Crude oil fingerprinting is a term applied to techniques that utilize geochemical analysis of hydrocarbon fluids composition to provide valuable information for well, reservoir and spill management. Analysis of crude oil fingerprints reveals a typical oil profile. Such a profile can provide information on formation history, type of carbon number preference during formation and route of migration. This study was undertaken using whole oil fingerprint and biomarkers of oils from twenty well strings from an onshore field in the Niger Delta Region. The aim was to evaluate light crude oils and determine thermal maturity, source rock quality, depositional environment and condensate correlation. The crude oil samples were analyzed using two major analytical techniques namely Gas Chromatography-Flame Ionization Detector (GC-FID) and Gas Chromatography-Mass Spectrometry (GC-MS). Evaluation of light hydrocarbon components was done using Mango parameters K1, K2, P2, P3 and N2 and the results revealed terrigenous organic matter input.

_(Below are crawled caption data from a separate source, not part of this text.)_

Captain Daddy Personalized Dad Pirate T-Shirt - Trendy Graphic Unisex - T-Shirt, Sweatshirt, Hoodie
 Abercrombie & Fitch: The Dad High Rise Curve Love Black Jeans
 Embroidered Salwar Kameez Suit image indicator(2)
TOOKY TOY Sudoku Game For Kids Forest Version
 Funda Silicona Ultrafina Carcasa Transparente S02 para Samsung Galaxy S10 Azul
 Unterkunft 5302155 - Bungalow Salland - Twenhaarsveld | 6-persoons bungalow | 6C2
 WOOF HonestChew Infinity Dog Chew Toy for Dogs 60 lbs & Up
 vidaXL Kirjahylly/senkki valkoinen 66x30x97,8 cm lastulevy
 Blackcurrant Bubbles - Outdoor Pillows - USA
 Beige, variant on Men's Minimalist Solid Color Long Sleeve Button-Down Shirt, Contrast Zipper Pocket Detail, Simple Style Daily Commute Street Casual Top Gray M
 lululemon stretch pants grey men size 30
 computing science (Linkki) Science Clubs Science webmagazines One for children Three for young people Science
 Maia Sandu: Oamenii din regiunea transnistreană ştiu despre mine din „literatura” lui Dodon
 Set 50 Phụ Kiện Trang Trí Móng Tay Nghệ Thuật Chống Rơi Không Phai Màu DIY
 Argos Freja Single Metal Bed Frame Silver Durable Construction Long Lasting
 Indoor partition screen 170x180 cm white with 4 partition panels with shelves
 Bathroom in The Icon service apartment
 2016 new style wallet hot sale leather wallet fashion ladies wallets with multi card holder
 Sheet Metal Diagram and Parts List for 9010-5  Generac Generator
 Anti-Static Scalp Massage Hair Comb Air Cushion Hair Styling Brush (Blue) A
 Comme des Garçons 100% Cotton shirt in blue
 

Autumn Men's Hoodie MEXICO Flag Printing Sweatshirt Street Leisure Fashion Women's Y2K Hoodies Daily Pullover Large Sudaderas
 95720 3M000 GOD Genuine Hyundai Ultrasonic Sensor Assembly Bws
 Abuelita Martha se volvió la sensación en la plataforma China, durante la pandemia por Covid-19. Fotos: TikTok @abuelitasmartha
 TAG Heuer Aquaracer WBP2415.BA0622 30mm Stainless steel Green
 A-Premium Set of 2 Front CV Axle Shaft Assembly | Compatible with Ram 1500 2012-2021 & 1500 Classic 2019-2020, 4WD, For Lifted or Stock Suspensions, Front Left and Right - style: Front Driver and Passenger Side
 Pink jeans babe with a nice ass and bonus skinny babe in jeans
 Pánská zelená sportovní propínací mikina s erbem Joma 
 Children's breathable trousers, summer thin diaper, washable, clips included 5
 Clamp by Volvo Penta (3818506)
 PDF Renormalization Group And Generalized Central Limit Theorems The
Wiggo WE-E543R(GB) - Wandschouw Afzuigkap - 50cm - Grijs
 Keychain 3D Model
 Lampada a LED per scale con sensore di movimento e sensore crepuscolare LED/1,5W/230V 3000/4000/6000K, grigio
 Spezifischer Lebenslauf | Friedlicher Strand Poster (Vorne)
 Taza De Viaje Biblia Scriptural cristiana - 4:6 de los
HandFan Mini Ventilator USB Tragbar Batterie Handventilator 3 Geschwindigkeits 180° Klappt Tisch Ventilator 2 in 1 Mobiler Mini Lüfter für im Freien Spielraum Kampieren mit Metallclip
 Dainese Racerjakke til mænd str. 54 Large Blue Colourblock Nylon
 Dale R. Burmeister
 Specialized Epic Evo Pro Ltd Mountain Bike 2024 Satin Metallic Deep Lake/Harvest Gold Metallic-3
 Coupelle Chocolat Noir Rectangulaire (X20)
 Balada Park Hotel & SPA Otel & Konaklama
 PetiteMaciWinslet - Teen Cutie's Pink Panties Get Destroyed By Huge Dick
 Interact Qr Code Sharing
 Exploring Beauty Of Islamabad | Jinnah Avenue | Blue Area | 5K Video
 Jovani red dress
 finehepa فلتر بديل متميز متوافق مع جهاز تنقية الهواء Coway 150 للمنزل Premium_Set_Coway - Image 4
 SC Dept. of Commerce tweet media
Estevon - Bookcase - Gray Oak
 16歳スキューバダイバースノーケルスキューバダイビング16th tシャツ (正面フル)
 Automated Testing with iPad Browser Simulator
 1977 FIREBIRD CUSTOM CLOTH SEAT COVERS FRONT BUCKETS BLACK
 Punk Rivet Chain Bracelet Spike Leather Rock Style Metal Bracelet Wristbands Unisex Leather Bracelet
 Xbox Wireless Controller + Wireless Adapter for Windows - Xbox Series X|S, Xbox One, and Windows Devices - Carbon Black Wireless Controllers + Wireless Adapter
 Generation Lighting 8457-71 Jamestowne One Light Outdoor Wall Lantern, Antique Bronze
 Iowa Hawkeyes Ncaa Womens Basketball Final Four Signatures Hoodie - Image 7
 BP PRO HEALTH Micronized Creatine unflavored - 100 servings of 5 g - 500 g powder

Biomarker composition and pristane/phytane ratios in the range of 3.51 to 6.83 derived from GC results show that the source rock of the oils is made up of majorly terrestrial (type III) organic matter, deposited in a deltaic setting with prevailing oxic conditions. Maturity parameters calculated from Carbon Preference Indices between the range of 0.87 and 1.44 indicate the source is matured. The study provides key information on source characteristics that are applied to describe the type of petroleum prospects of a region. This study also provides information on condensate correlation, which has production implications such as application to production allocation.